**Task to complete**
Pictures do not belong in the copy. Write out exactly the lines from the one containing "Infinity Love Swirl" through the end of the data.
═════ Data ═════
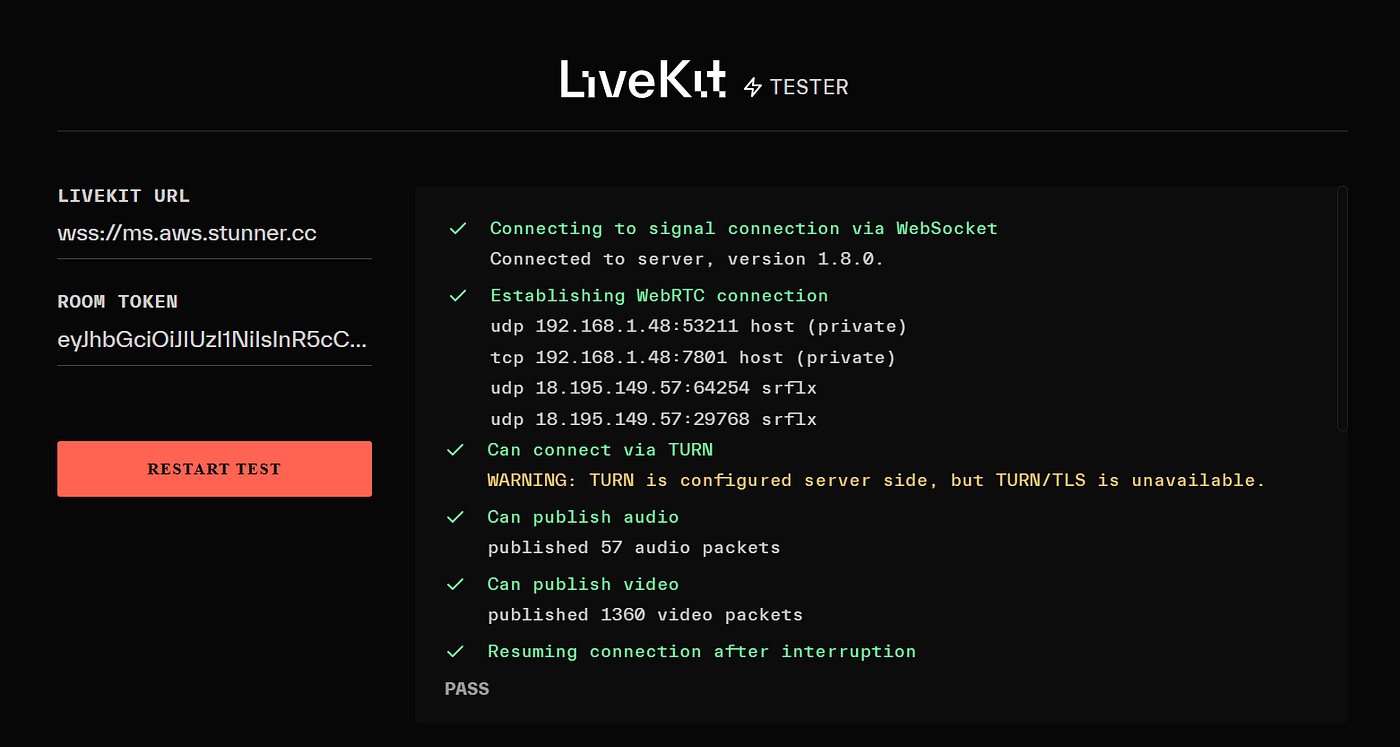 Successful connection test on LiveKit’s site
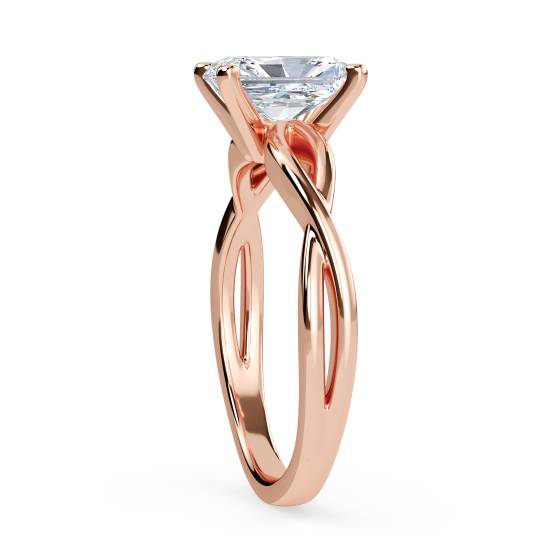 Infinity Love Swirl Radiant Diamond Engagement Ring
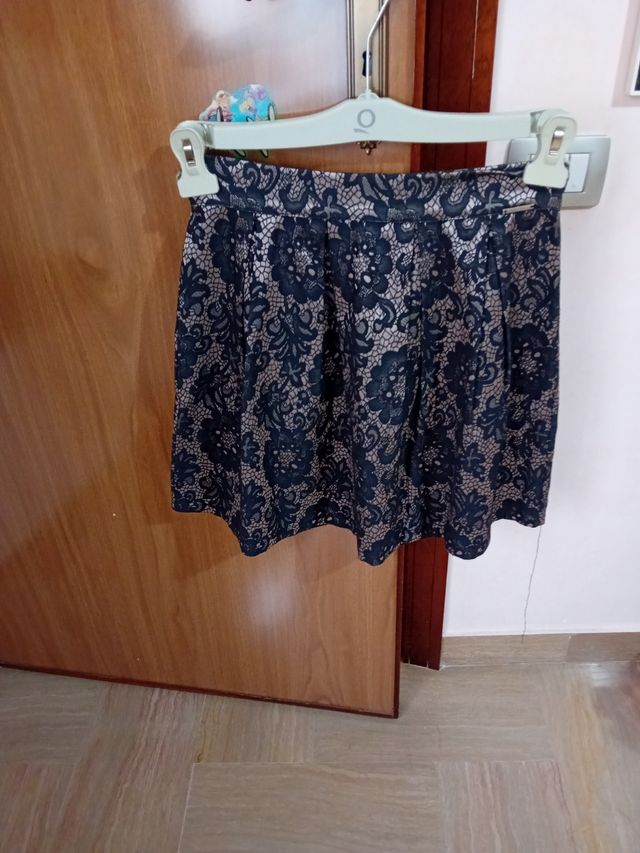 Gonna effetto pizzo beige e nera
═════
**Finished exercise**
 Infinity Love Swirl Radiant Diamond Engagement Ring
 Gonna effetto pizzo beige e nera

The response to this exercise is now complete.